Home-EditorialsRemembering My Mentor

Remembering My Mentor

I met Frank Bledsoe when I first opened my flying service in Marshallville, Georgia in 1975. He was my competitor. He was already established in the business when I came along. I was young and full of energy. Both Frank and I were operating Ag Cats at the time, and he was in the next county over. We were friendly competitors, but competitors none the least. Frank was a minimalist. He only owned equipment that he needed and that was mechanically sound. As a new operator, I hadn’t learned that very valuable lesson. I was making up the rules as I went along.

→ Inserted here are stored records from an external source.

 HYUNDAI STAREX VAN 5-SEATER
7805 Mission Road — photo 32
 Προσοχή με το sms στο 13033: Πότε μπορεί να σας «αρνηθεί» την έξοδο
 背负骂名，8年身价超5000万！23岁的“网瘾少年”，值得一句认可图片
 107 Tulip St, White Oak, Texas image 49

In the 1970’s, the federal government had a Payment-In-Kind (PIK) program, established in the 1960s by the Kennedy administration to address the large surplus of grain and corn. Over a billion bushels of corn and wheat were held in surplus. This program, in the most simplistic way to explain it, paid the farmer to not plant. As an already marginalized operator, this program sliced acres from my operation. To add insult to injury, and at about the same time, my PT6-11AG, serial number 1, failed on takeoff. I couldn’t fiscally recover. I did the only thing I knew to do, and that was turn to Frank, my competitor, for a job. Frank and I worked out the logistics; I got a pickup truck and the ability to continually fly. He absorbed my flying service (and the debt) in return.

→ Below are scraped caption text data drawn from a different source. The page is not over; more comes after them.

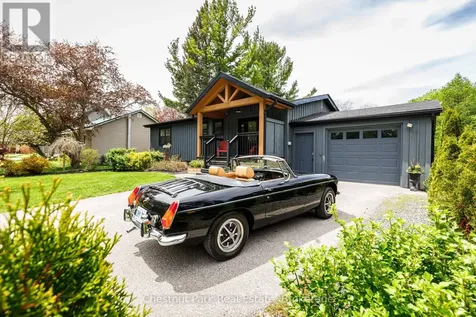 119 Hillcrest Drive Blue Mountains ON N0H 1J0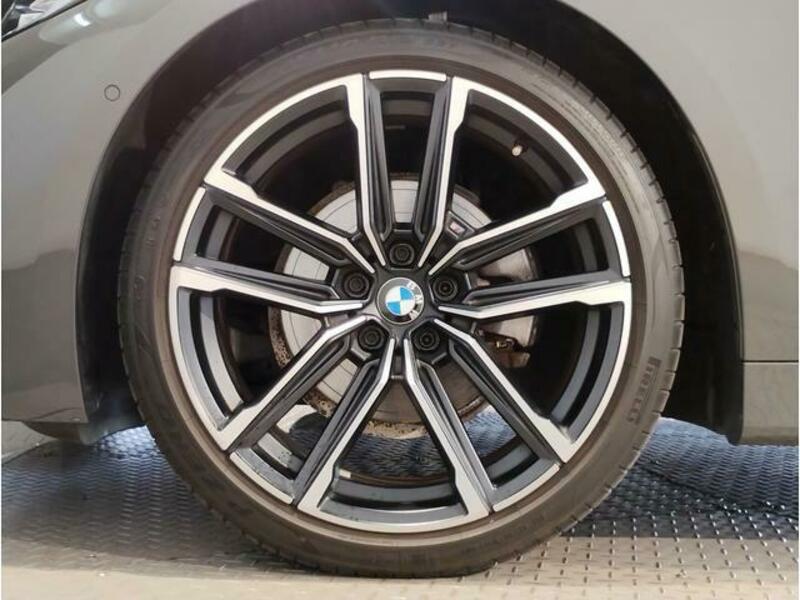 4 SERIES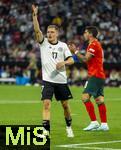 04.06.2025, Fussball UEFA Nations League 2024/25,  Halbfinale, Deutschland - Portugal, in der Allianz-Arena Mnchen. Florian Wirtz (Deutschland) gestikuliert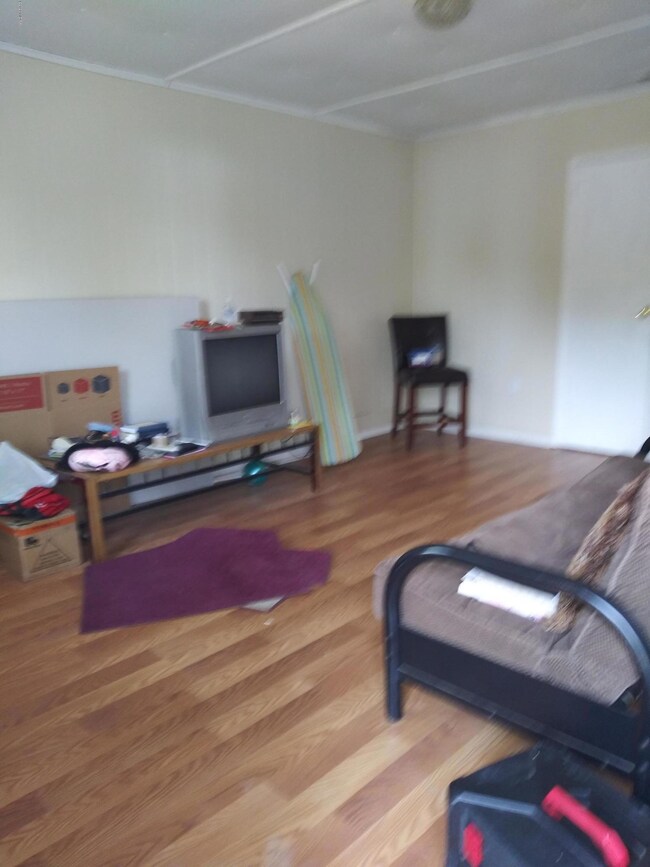 2871 Village Green Dr, Macon, GA 31206 - photo 2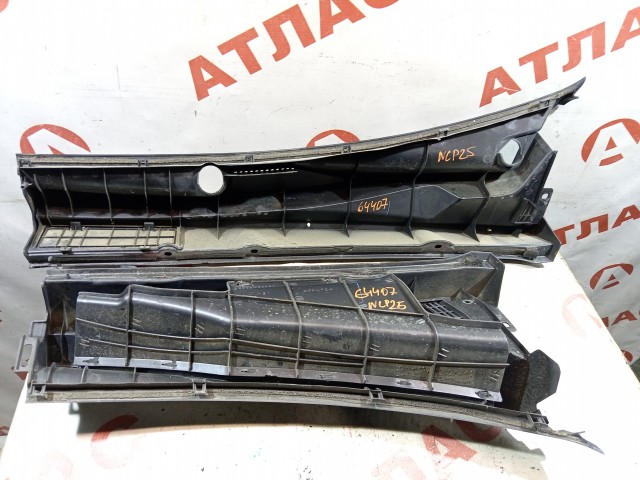 Жабо TOYOTA FunCargo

I was down on my luck, beating myself up over having to go to my competitor. But, little did I know, this move established my life-long career in ag aviation and Frank Bledsoe became my mentor. I thought I knew how to do it all, and I thought Frank just did things “differently”. I changed the way I approached almost every aspect of the business, from flying to managing to now being a pilot for someone else. Frank did things right, and he did them right the first time around. I had over 10 years of doing things “good enough”; Frank instilled work ethics and lessons that I keep with me to this day.

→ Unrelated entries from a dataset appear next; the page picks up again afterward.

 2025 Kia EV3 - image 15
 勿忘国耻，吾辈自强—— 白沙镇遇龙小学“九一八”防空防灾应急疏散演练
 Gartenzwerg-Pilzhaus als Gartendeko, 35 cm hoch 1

Mentorship in ag aviation is imperative. The old saying goes “you don’t know what you don’t know”. That couldn’t be more true. Years of learning from mistakes, what works and what doesn’t work. Years of knowledge that cannot be found in a book, a certification course or through self exploration. Mentorship makes everyone better, and will continually be the preferred method for new pilots to enter our industry.

I tell aspiring ag pilots to find a mentor, and absorb every word that comes from their mouth. Start on the ground, then go into the office. Learn how they do business, how they interact with customers, how they take care of their equipment. Digest all this information, then move to the airplane. Learn how they turn, how they taxi and how they approach safety. Learn how they rest, how they give it 110% during the times when there is more work than hours in the day. Learn how they stayed alive. Learn it all. They are giving you a gift that you cannot put a price tag on. Appreciate it.

On April 3rd of this year, we lost Frank Bledsoe to health complications. He spent his life in an ag plane and on a tractor. He worked tirelessly until the day he died. Frank taught me many lessons along the way. I flew for him until the early 2000’s, learning the entire time.